The Monster Network is earning it’s name early this year!

I haven’t been keeping the blog up to date with the changes, but this year has been crazy so far.

1.  I finally got fed up with the poor SAN performance and replace the final two 4+yr old drives in the RAID-50 Array.  They were WD Green drives and I think I was being bitten by one or both of them going bad and the TLER issue with those type of drives in a RAID.

2. I rebuilt one of the servers into a new case, which exposed some strange issues on my core-i3 hosts when pfsense is hosted on it, things like poor bandwidth and DNS issues, when both the host and the guest have plenty of ram and CPU cycles

3.  I had a heat sink break off one of my ConnectX Infiniband Cards, causing the card to cook itself, and the only reason I found that out was my SAN fabric was dropping out at random times, except when that host was turned off.  Opened it up as part of the rebuild and saw the heatsink hanging off the card.

4. I apparently also have a bad Infiniband cable which i’m trying to track down.

5. My Infiniband switch is managed (Voltaire ISR9024-M), but the serial port uses a mini-usb connector for some stupid reason, so i’m unable to research the above infiniband issues, trying to track down a cable for it has proved difficult at best.

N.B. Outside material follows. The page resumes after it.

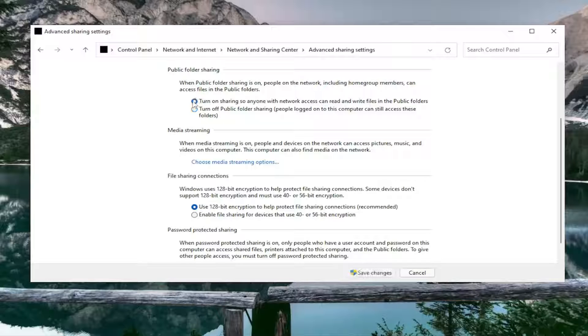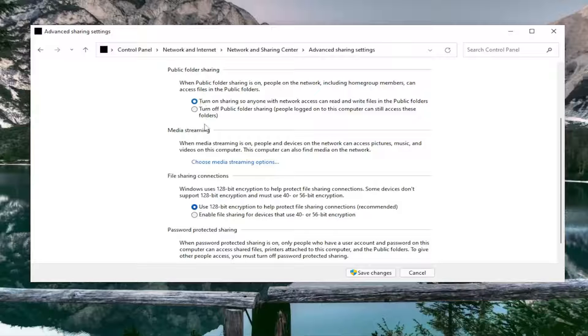Conversely, if you want to turn it on, you would toggle it to the turn on position. You would select the turn on option.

6. My pfsense VM corrupted itself, causing me to have to reload pfsense from scratch and from memory as ar as vlan assignments…joy

7. Trying to get a host to simply boot off a USB drive proved much more difficult than it should be.  You have to flip the “removable” bit in the firmware but the tools to do that are very hard to find and use.  This also caused me to ruin 2 flash drives, at which point I gave up and bought an SSD replacement.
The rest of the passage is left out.